• [Brief] Your task is to print all of the data below exactly, with no pictures included.

• [Data]
◇ ◇ ◇ ◇

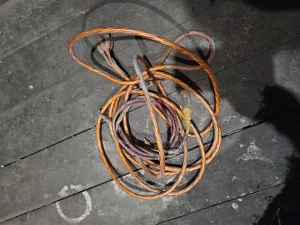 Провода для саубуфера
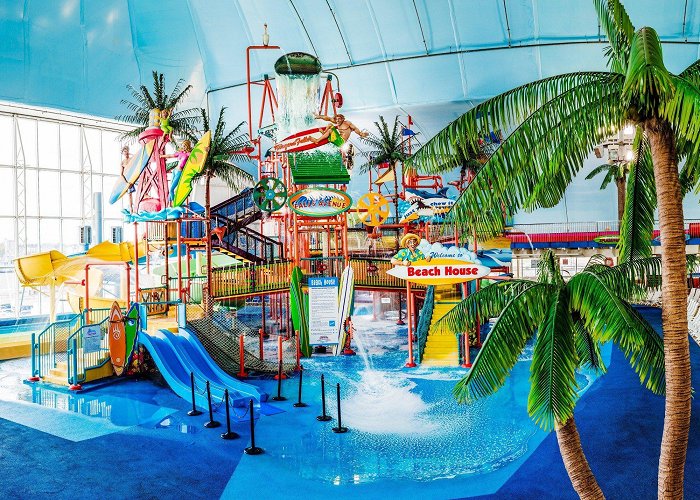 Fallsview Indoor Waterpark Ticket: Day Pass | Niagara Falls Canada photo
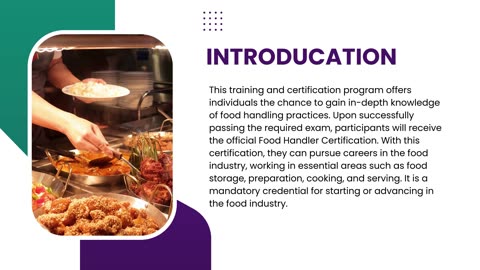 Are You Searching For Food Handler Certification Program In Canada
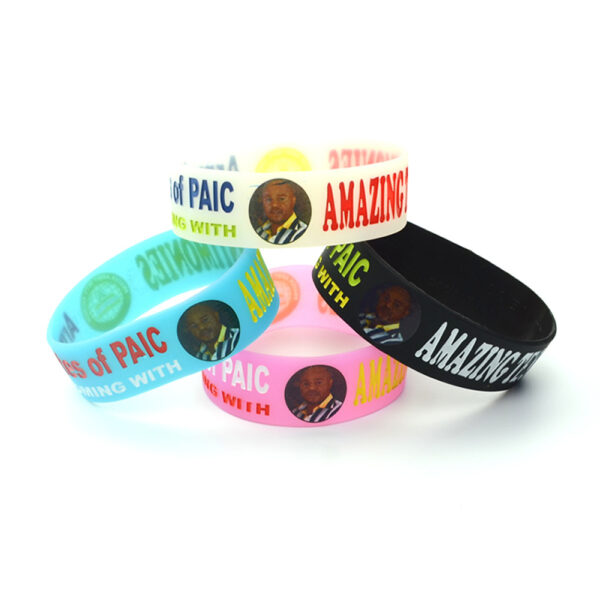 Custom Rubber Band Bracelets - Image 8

◇ ◇ ◇ ◇

• [Reply to the exercise]
 Провода для саубуфера
 Fallsview Indoor Waterpark Ticket: Day Pass | Niagara Falls Canada photo
 Are You Searching For Food Handler Certification Program In Canada
 Custom Rubber Band Bracelets - Image 8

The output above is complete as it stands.